Why are there gaps in Kubernetes monitoring of a cluster after I change the Kubernetes settings for this cluster?

Peter_Jelitsch1 · ‎22 Dec 2023

Short gaps in monitoring of one to two minutes is an expected behavior.

Why does this happen?

When the settings for a Kubernetes cluster change, the old configuration is removed from the ActiveGate, and the system tries to find the most appropriate ActiveGate to monitor the Kubernetes cluster with the new settings. Once the best matching ActiveGate is known, the monitoring with the new configuration starts on the assigned ActiveGate.
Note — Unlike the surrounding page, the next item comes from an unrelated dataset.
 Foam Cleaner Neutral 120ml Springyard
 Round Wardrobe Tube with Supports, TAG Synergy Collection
Depending on the data (different metric types, events, etc.) it may take up to two minutes until monitoring resumes.

Example

We turn off monitoring events.

With the following command, we can see the change in the monitoring state of the ActiveGate involved. (For this example we have one containerized ActiveGate in the monitored Kubernetes cluster.)
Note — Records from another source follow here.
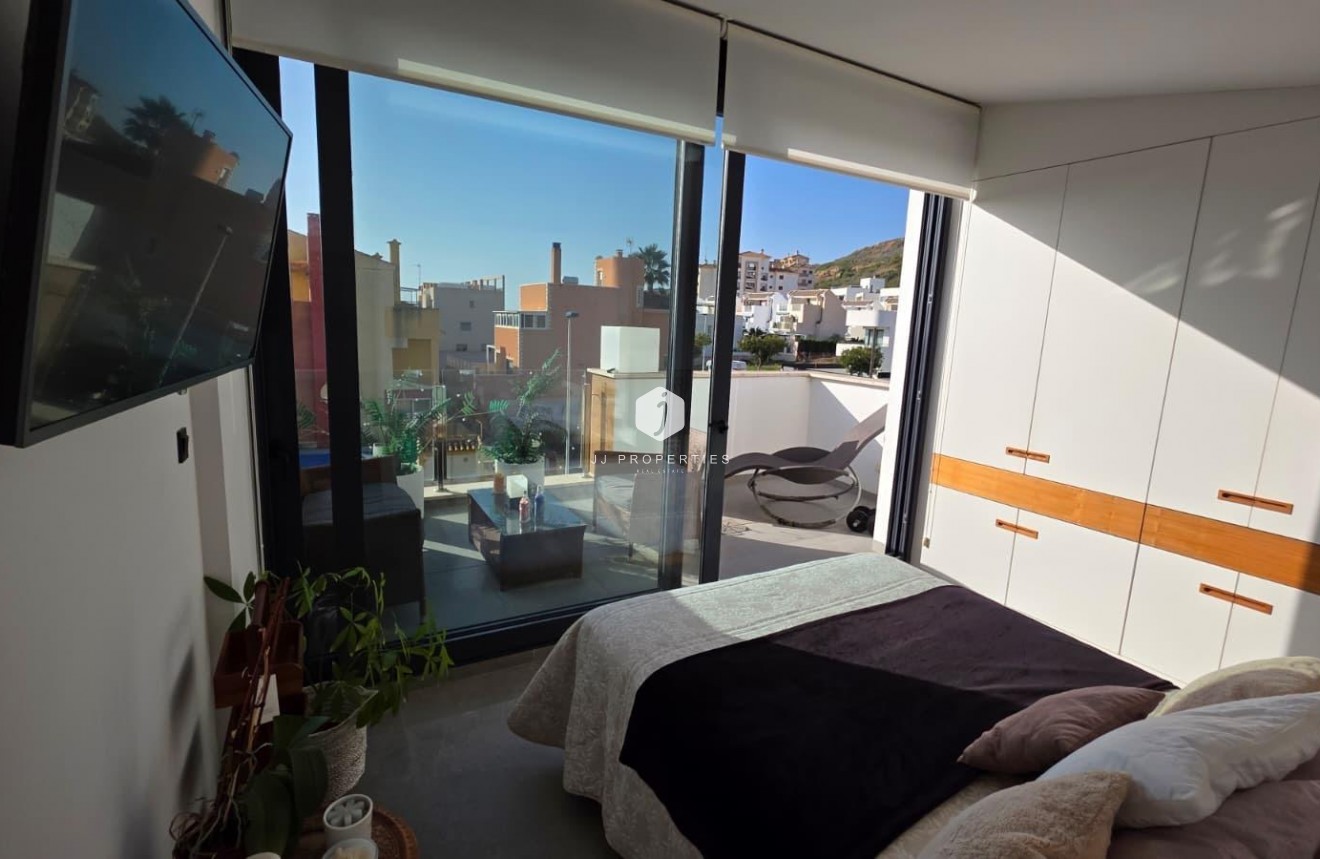 Tweedehands - Chalet -
Guardamar del Segura - Los Secanos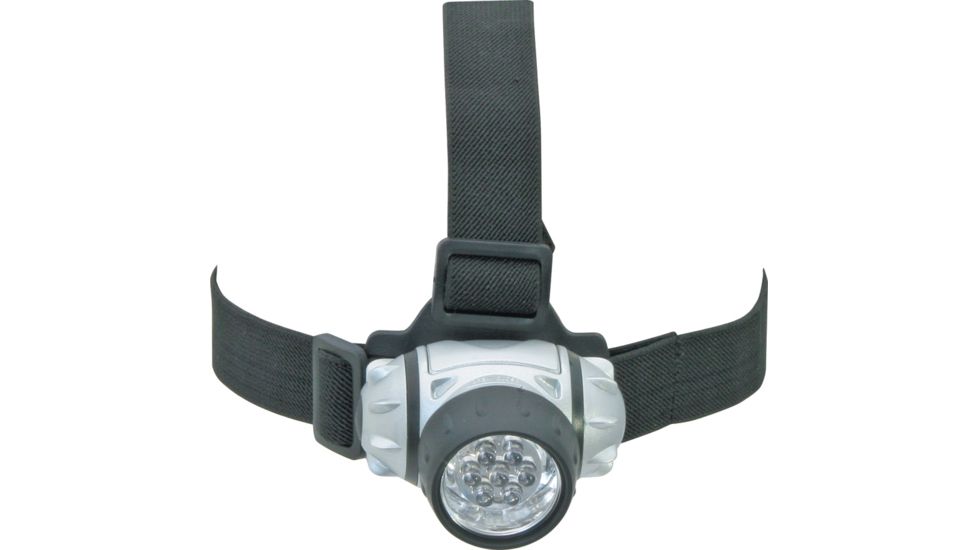 Optronics Seven LED Headlamp OTHL7500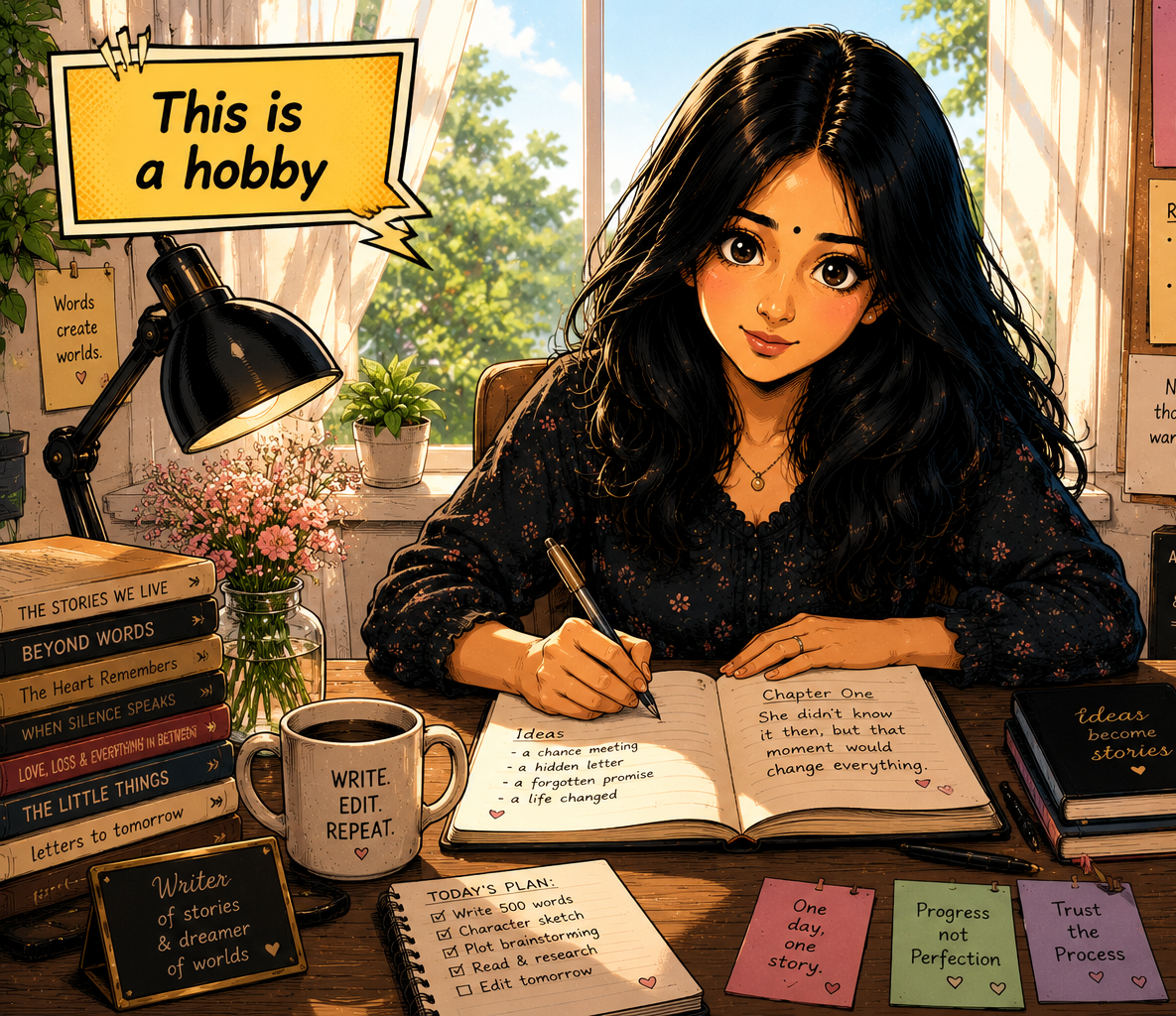 Author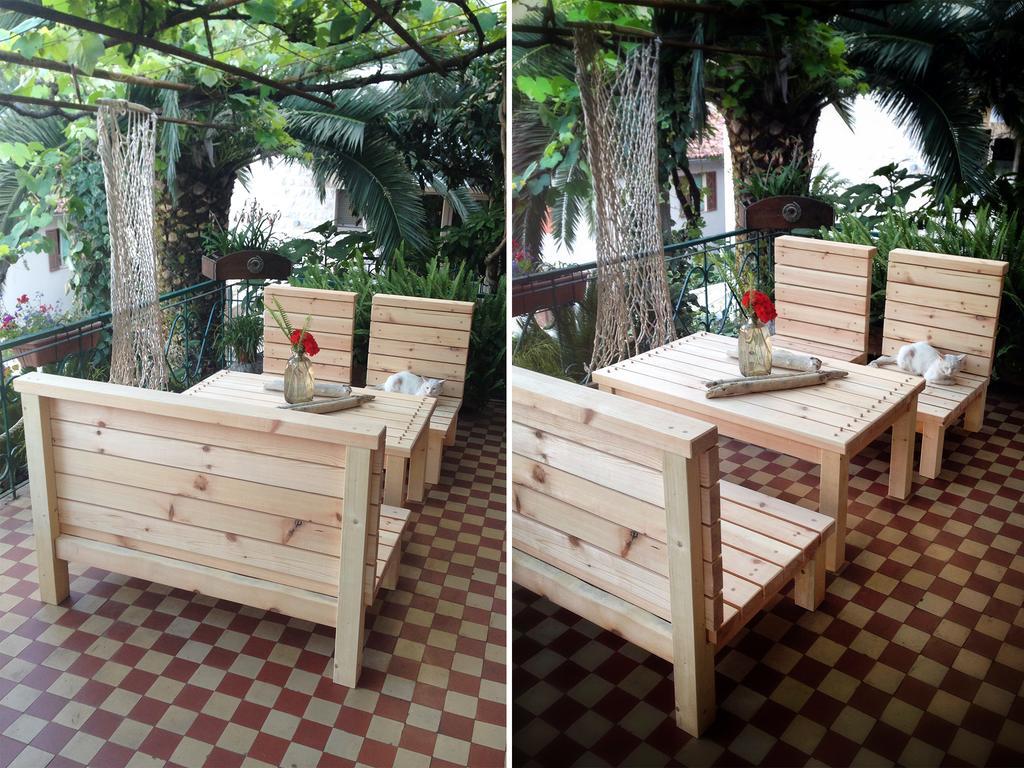 Ambient * Budva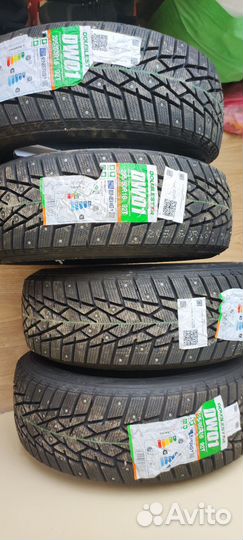 DoubleStar DW01 205/60 R16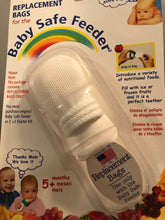 Load image into Gallery viewer, Baby Safe Feeders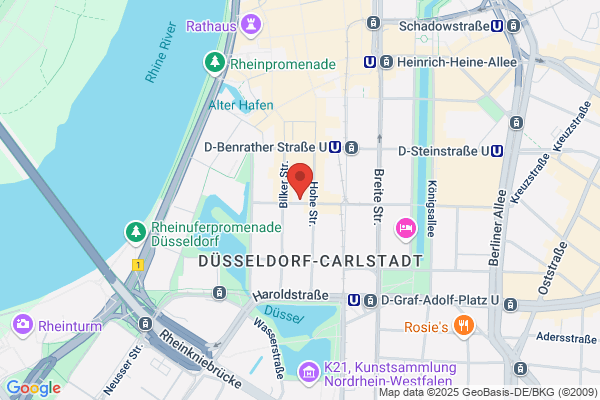 Kirchenkreisverband Düsseldorf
watch 'kubectl logs -n dynatrace k8s8459-activegate-0 2> /dev/null | grep -E "Configuration (added|updated|removed)" | tail -8'

We see that at 11:18 UTC, the (old) monitoring configuration is removed and at 11:19 UTC the new configuration becomes active.
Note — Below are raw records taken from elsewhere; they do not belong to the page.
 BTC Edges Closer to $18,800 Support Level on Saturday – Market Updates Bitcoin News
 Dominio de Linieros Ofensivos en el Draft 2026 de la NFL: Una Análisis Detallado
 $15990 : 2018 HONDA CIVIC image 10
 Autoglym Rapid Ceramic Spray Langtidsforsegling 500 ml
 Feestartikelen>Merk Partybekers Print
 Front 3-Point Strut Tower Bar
In the data explorer, we can see this gap of two minutes for metrics originating from this ActiveGate (Note: the local time is CET, which is UTC+1)

sivart_89 · ‎27 Dec 2024

We're seeing the 'Monitoring not available' alert created for one of our OpenShift clusters. Looking at the data there are large gaps, 14 minutes now from the last datapoint. Others are around 10 minutes. What can we look at to determine the reason for this?

Peter_Jelitsch1 · ‎30 Dec 2024

Hi, sivart_89, thank you for this good question. I'd check a few metrics first, to check whether the AG is running smoothly.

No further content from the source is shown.